Forests

Himachal Pradesh’s decision to put wasteland in land bank undermines FRA

The state’s request to put degraded forest land in a land bank comes at a time when the government has been dragging its feet on implementing FRA

 
By Ishan Kukreti
Published: Wednesday 21 November 2018
Around 40 per cent of the total geographical area of the state is classified wasteland. Credit: Getty Images

In what is being seen as yet another move to negate the Forest Rights Act, 2006, the environment ministry has approved the Himachal Pradesh (HP) government's request to place degraded forest land in a land bank for compensatory afforestation.

This comes at a time when only six per cent of the total claims filed under FRA by forest dwelling communities have been approved by the state in 2018.

In a letter dated November 16, the Ministry of Environment, Forest and Climate Change approved the request of the HP forest department to put the government waste land in a land bank for compensatory afforestation under the Forest (Conservation) Act, 1980.

The state’s forest department had made the request for same in September this year. The letter says that the government waste lands, categorised as ‘Protected Forests’ under the state government’s notification of February 25, 1952, are to be added to the land bank.

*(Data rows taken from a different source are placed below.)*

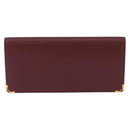 CARTIER Must Line Bifold Wallet Leather Bordeaux Gold Auth am12408V-13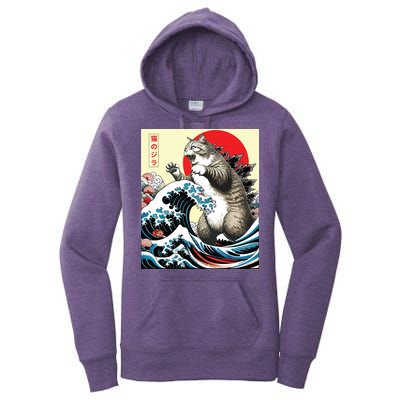 Catzilla Cat Japanese Art Funny Cat Gifts Women's Pullover Hoodie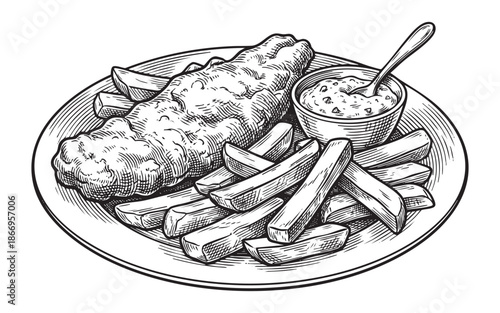 Traditional dish of fish and chips with tartar sauce drawing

“These notified areas were neither demarcated on the ground nor transferred & mutated in the name of the State Forest Department in the revenue records. Therefore, these areas shall be considered for the purpose of compensatory afforestation (CA) under Forest Conservation Act 1980,” the letter says.  

Around 40 per cent (or 22,470 square kilometere) of the total geographical area of the state is classified wasteland, according to the Ministry of Rural Development’s Wasteland Atlas of India, 2011, in Himachal Pradesh. Before 2005, the degraded forest area that was under occupation in the state was 1,290 square kilometers.

Although forest dwelling communities, living on forest area before 2005, have a right to file a claim for land under the FRA, the HP government has been dragging its feet on implementing FRA.

According to a September 2018 report of the Ministry of Tribal Affairs, HP approved only 136 claims –including both individual and community- of the total 2,241 claims filed under FRA till August 31 this year. This is just around 6 per cent of the claims filed.

“People's claims have been pending for notification dated 1952. They have occupations on land for which they should have got titles but they have not got regularised due to the transfer of this land to forest department. Although eligible under FRA to claim the lands, the government is not implementing the legislation. These occupants continue to be treated as illegal encroaches. With this notification their chances of getting regularised will be finished,” says Manshi Asher of Himdhara Environment Research and Action Collective, a local non-profit working on FRA-related issues in the state.

The latest move is line with previous developments that also diluted the FRA. According to a notification dated February 5, 2013 by the environment ministry, linear projects have been exempted from obtaining consent from concerned Gram Sabha on the settlement of rights under FRA. Linear projects are those where land is diverted in a linear manner for public interest projects like roads and transmission lines. On April 17 this year, HP allowed small Hydro Electric Power projects to be considered as linear projects.